Offensive information warfare
As with all defensive efforts by the military, information security is a two-edged sword. Officials of U.S. Space Command also are looking at the offensive side to degrade adversary air defenses and disrupt other vital computer-based services in time of war. As one senior commander put it, the services "are trying to attract the best and the brightest" to the role of military "hacker". Using such forces to quickly bring down an enemy's ability to fight or support its war effort also avoids the death and destruction more traditional weapons leave behind, U.S. war planners note.
"It is no secret that the U.S. military's operational capability depends on information superiority — our ability to make smarter, faster decisions," says U.S. Air Force Gen. Ralph Eberhart, commander of U.S. Space Command. "This is both a tremendous advantage and a potential vulnerability. The threat is broad-based, coming from a wide spectrum of actors," Eberhart told the Senate Armed Services Committee 8 March.
"Hackers are by no means the only threat we face," Eberhart continued. "Criminal groups, disgruntled insiders, and non-state actors pose serious challenges, as well. Perhaps the most significant threat comes from several foreign nations believed to be developing information warfare doctrine, systems and forces to employ during peacetime, crisis or war."
Attacks on commercial computer networks also can be serious blows to the nation's military readiness, given DOD's growing reliance on the commercial marketplace for parts, supplies, components, and systems. The chaos created by this year's distributed system denial of service (DSDoS) attacks on some of the world's largest commercial Internet sites also is seen as a potential threat.
"We have been looking at this problem since we became aware of it last fall," Frank says. "DoS attacks have been around almost as long as networks have been around, but distributed DoS has stepped up how well it is orchestrated and increased the volume."
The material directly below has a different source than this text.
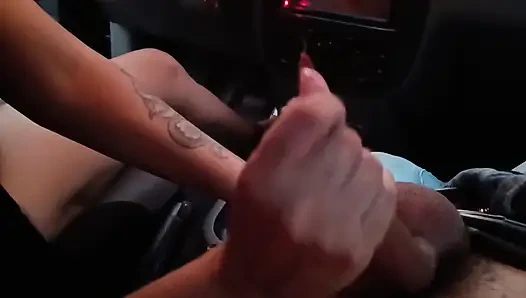 Jerking off my neighbor until I squirt his cum in my high heels after pumping car pedals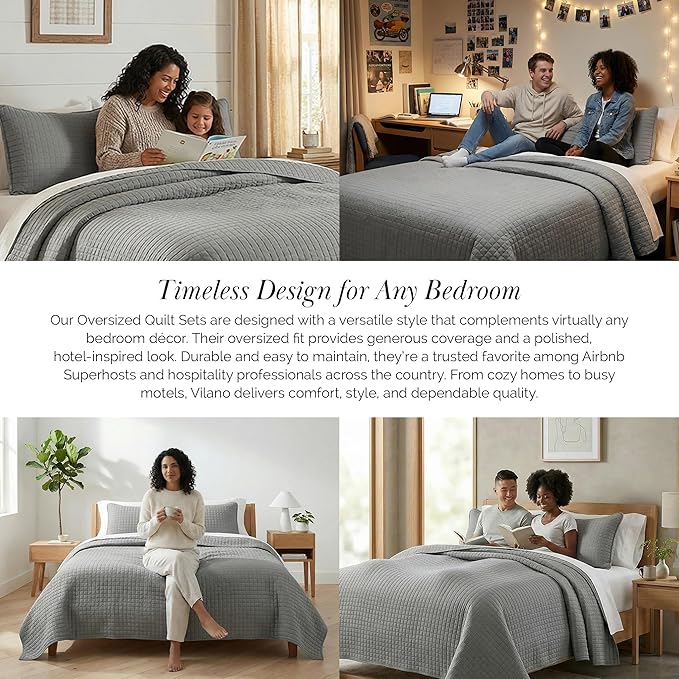 Southshore Fine Living, Inc. Summer Bedspreads Queen Size Quilts with Shams, Full Bedding Set, Quilt Coverlet Queen Size, Full Bedspread with 2 Pillow Shams, Summer Bedding Sets, Steel Grey Quilt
Heightening the potential threat of DSDoS is this: no technical knowledge or skills are necessary to co-opt thousands of unprotected Internet nodes, then use them in a coordinated attack against selected targets. The attacker simply fills in a simple form he can find on-line, clicks on "go," and returns to his life, in complete anonymity, while the software he accessed does all the work.
DSDoS programs survey the Internet to find unprotected servers, a few of which become "masters" that control vast numbers of others called "daemons". The owner of the co-opted site is unlikely to know it has been compromised, with the intruding program hiding itself, awaiting orders, and even continuing to run if it is discovered and deleted or if the system is rebooted.
Once the program creates a daemon, it announces itself to several predefined masters, which may wait days or months before ordering wave after wave of daemons to attack, change targets, shut down, or even switch masters. The attack order can include the address of the victim, how long an attack should continue, and a host of other parameters. Once the order goes out, no further contact between master and daemon is necessary. A DSDoS attack sends thousands of messages flooding into the target system to overwhelm it and block its ability to transact normal business.
For the military, the battle against DSDoS is two-fold: Do not become a victim, do not become an unwitting participant, either as master or daemon.
"We have been working diligently at finding methods to counter these," Frank says. "It's not easy in any event, but it is easier if you are prepared. We are trying to make sure those sites likely to be attacked are prepared with continuity of operations plans," Frank says. "You may not be able to stop an attack, but have some kind of plan to operate critical systems to continue your mission."